#### Data provided

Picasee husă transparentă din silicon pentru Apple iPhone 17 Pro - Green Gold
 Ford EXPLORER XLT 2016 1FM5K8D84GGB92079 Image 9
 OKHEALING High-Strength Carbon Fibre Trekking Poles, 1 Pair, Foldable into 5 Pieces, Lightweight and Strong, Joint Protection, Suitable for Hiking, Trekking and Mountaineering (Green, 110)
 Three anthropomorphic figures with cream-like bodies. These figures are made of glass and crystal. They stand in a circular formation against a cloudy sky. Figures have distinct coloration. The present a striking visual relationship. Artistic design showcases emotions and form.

#### Problem requirements
An exact copy of the lines from the one with "Ford EXPLORER XLT" through the last line of the listing is the whole answer.

#### Answer
 Ford EXPLORER XLT 2016 1FM5K8D84GGB92079 Image 9
 OKHEALING High-Strength Carbon Fibre Trekking Poles, 1 Pair, Foldable into 5 Pieces, Lightweight and Strong, Joint Protection, Suitable for Hiking, Trekking and Mountaineering (Green, 110)
 Three anthropomorphic figures with cream-like bodies. These figures are made of glass and crystal. They stand in a circular formation against a cloudy sky. Figures have distinct coloration. The present a striking visual relationship. Artistic design showcases emotions and form.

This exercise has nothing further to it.